Wrangling data into a shape that can be used to create visualizations is a huge problem with few available tools. Trifacta Wrangler is a powerful new tool that is free to use.

Data comes in all shapes and sizes, and those are often not conducive to working with it right away. Date formats might be weird, columns may need to be split or merged, and there is often the need to unpivot the data (turn columns into rows). This is a particular problem with government data.

Trifacta is a young startup that was founded by Jeff Heer, Joe Hellerstein, and Sean Kandel.
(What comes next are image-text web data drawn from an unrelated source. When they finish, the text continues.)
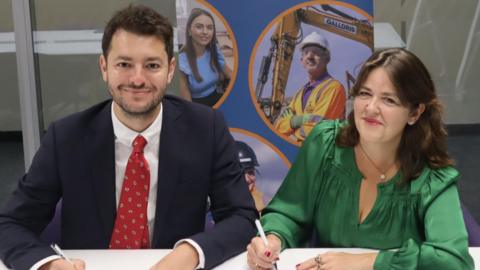 MP Jack Abbott and Julia Pike from Sizewell C smiling at the camera. Mr Abbott is wearing a dark suit with red tie. Ms Pike is wearing a dark green blouse.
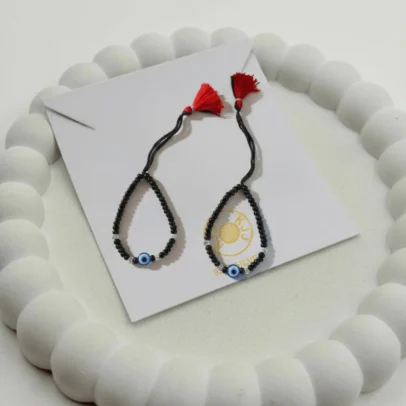 Product Description Divine Protection with Artisan Sparkle. Surround your baby with a shield of love and ancient tradition with the KJJ Elite Baby Nazariya. This premium protective set features a vibrant central blue evil eye charm, beautifully accented by 2.5mm imported silver balls with an exquisite chevron (V-cut) texture. The multi-faceted patterns on the silver beads are designed to catch and reflect light, providing a sophisticated radiance that honors the sacred "Kala Dhaga" tradition. Handcrafted with certified 92.5 Sterling Silver, these bracelets are hand-strung on a soft, durable black cord with polished black beads to ward off negative energy. Designed specifically for sensitive infant skin, this set ensures your little one remains protected with the highest quality materials and a touch of modern, textured luxury. Key Highlights: Exclusive Chevron Texture: Features premium 2.5mm imported silver balls with an engraved chevron finish for a multi-faceted and high-end shine. Certified 92.5 Sterling Purity: Every silver bead and accent is made from guaranteed high-purity silver, ensuring it is hypoallergenic and safe for newborns. Sacred Evil Eye Protection: Adorned with a striking blue evil eye charm at the center, traditionally used to shield children from negativity and bring peace. Signature Tassel Finish: Finished with our iconic red and black artisan tassel, adding a traditional touch while providing a secure, adjustable fit for growing wrists. A Meaningful Blessing: An ideal choice for "Namkaran" (naming ceremonies), first birthdays, or as a protective homecoming gift. Product Specifications: Brand: Kanhaji Jewels (KJJ) Material: 92.5 Sterling Silver & High-Grade Protective Beads Silver Ball Texture: 2.5mm Chevron-Cut (Imported) Category: Infant Protection Jewelry / Nazariya Quantity: 1 Pair (Set of 2)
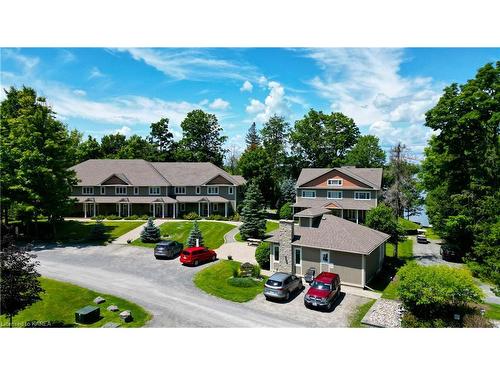 2-10-532 10Th Concession Road, Westport, ON - Outdoor With Deck Patio Veranda With Facade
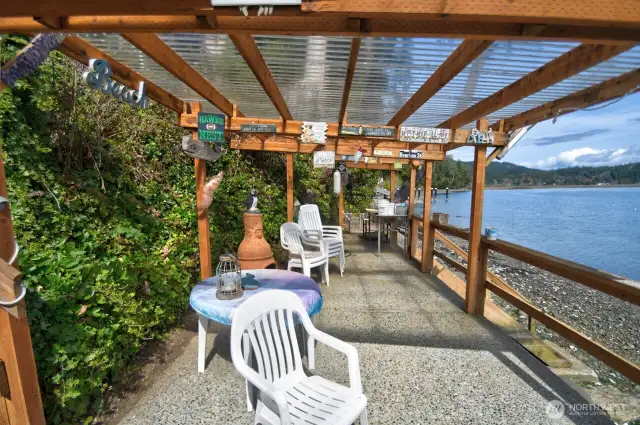 Lots of room for entertaining just off the bulkhead and easy steps to the beach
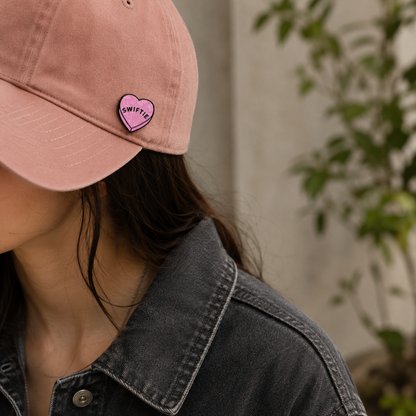 Colorful "Swiftie" enamel pin featuring a heart design, perfect for fans, made by Pinlord.com, displayed on a white background.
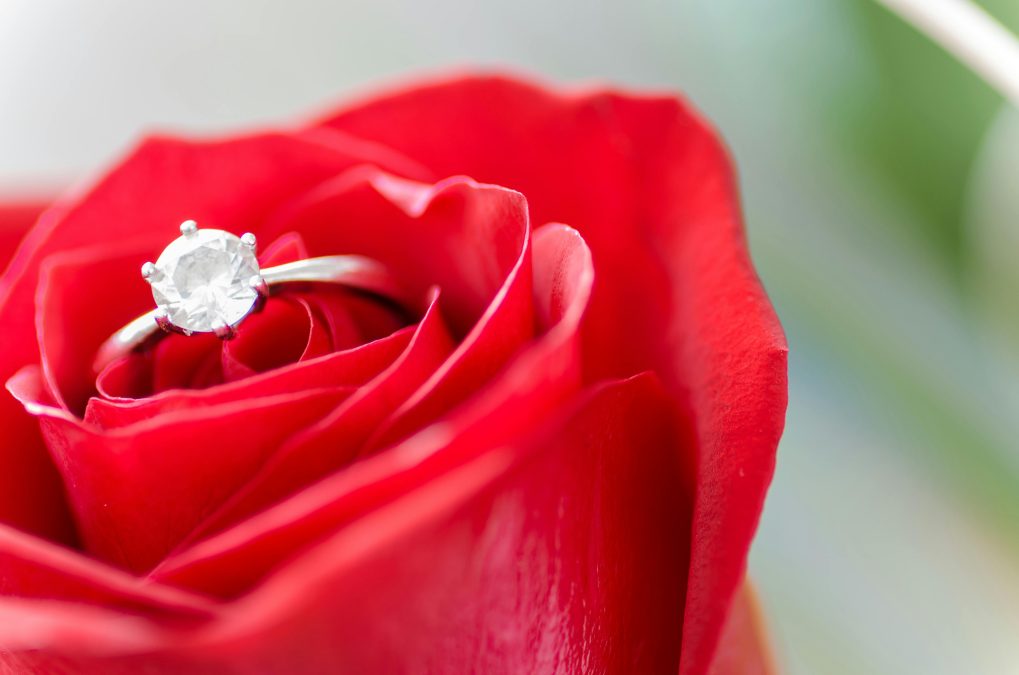 A well-designed image of a ring put inside a flower. PHOTO/Pexels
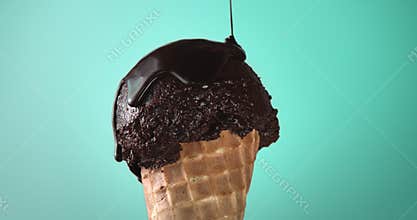 Chocolate ice cream corn and liquid chocolate falling on it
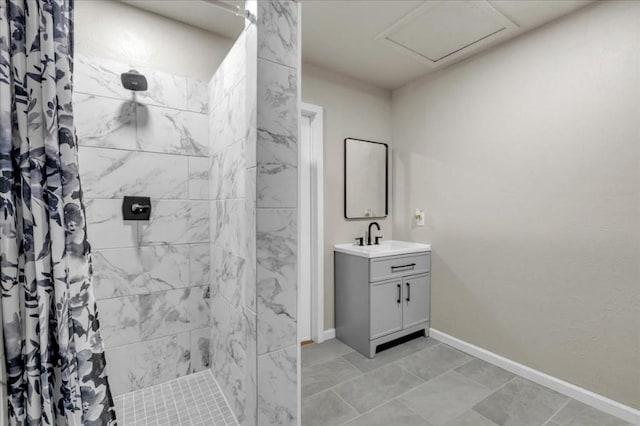 bathroom featuring vanity and a shower with shower curtain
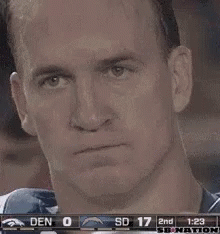 a man is holding a can of soda in front of his face during a game .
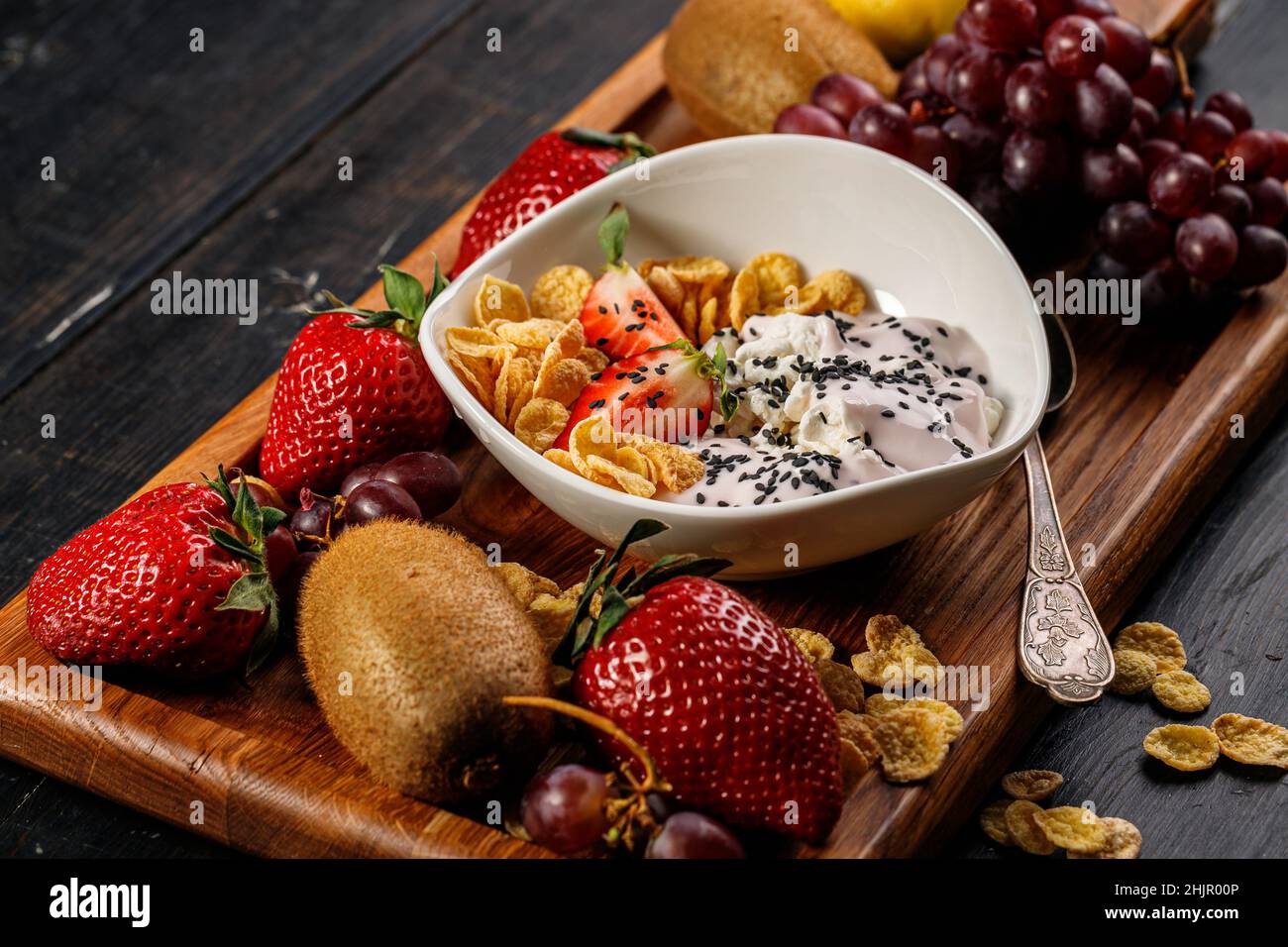 Fiocchi di mais con yogurt e semi di chia. Frutta fresca e succosa assortita. Fragola, kiwi, mela, pera, banana, uva. Deliziosa frutta tropicale su un bosco Foto Stock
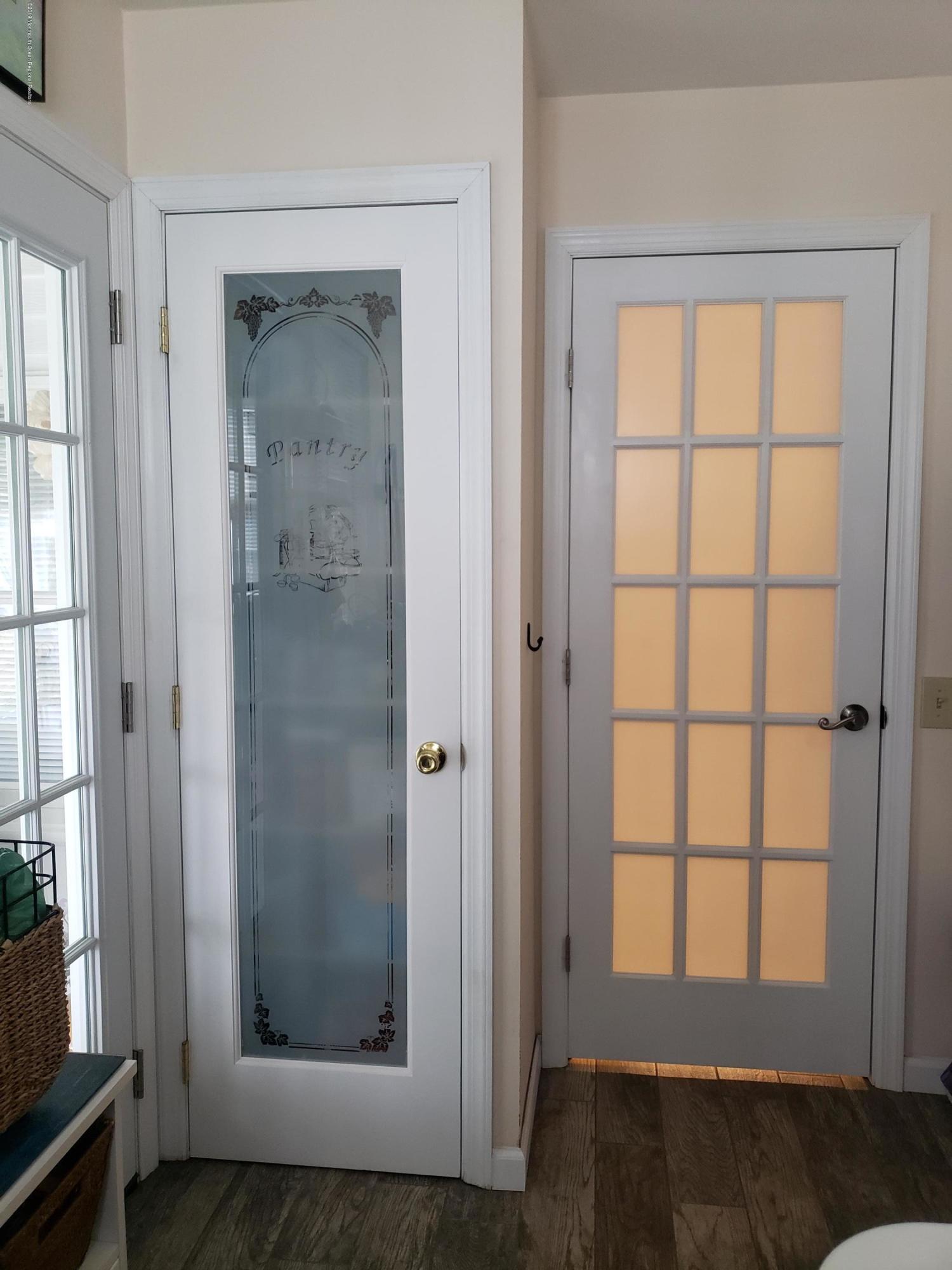 33 Mill Road, Unit 64 Whiting, NJ 08759 - Photo 9 of 23 an empty room with windows and closet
Its product is an extension of their 2011 Data Wrangler paper and online tool, but with many more features and able to deal with much larger data.

While the old Data Wrangler is still around, it is no longer supported and it’s also pretty slow for some operations (in particular unpivots with many rows and columns). The other alternative, OpenRefine (formerly Google Refine), is now “community supported.” While it hasn’t been entirely abandoned, there is no current release version, the beta is years old, and the whole thing is just way behind how computing is done these days (Java?!).

trifacta-welcome

Trifacta Wrangler is limited to 100MB of input data, which should be sufficient for many people’s needs. They support CSV, TSV, JSON, and Excel files (both XLSX and old-fashioned XLS). The output can be CSV, JSON, or TDE (Tableau Data Engine). The app runs on the desktop, but it needs an Internet connection (all the wrangling is done locally though, and your data stays on your machine) and you have to sign up for a free account with Trifacta.

In addition to the usual data cleaning operations like splitting and merging columns, Wrangler can also nest values, compute aggregates, and a number of other things. The best way to figure it out is to use it with a real dataset that you want to wrangle into a better shape and just try out lots of things. All actions can be undone, and you can edit the script the tool generates from the actions you perform.

trifacta-transformer

The app is designed very nicely with many features and a built-in tutorial (which can get in the way a bit at first, but it’s worthwhile to read what it tells you). It is targeted partly towards Tableau users (hence the support for TDE as output), including Tableau Public, but it is certainly not restricted to that.

Given Trifacta Wrangler’s power and support, and the dismal state of the only other freely available tool, I think that Wrangler will be the go-to choice for data wrangling for most people going forward.